## What the task requires
Exactly the lines from the opening of the records through the line containing "Hareline Midge Stretch Rib -Fishing" should be copied, with both included.

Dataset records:
..........

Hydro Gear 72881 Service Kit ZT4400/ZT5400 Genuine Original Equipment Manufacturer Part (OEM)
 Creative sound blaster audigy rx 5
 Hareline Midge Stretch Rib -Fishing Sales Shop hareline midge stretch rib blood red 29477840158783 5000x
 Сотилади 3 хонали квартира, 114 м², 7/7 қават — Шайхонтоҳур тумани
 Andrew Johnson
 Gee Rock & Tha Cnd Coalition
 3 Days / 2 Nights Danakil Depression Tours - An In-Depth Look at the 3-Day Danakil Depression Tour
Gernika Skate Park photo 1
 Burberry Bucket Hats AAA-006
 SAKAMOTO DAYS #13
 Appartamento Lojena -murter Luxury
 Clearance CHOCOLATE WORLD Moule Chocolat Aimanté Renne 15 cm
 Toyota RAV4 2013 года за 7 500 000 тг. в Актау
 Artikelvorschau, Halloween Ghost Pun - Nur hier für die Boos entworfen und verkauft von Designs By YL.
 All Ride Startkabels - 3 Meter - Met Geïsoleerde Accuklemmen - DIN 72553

..........

## Answer space
Hydro Gear 72881 Service Kit ZT4400/ZT5400 Genuine Original Equipment Manufacturer Part (OEM)
 Creative sound blaster audigy rx 5
 Hareline Midge Stretch Rib -Fishing Sales Shop hareline midge stretch rib blood red 29477840158783 5000x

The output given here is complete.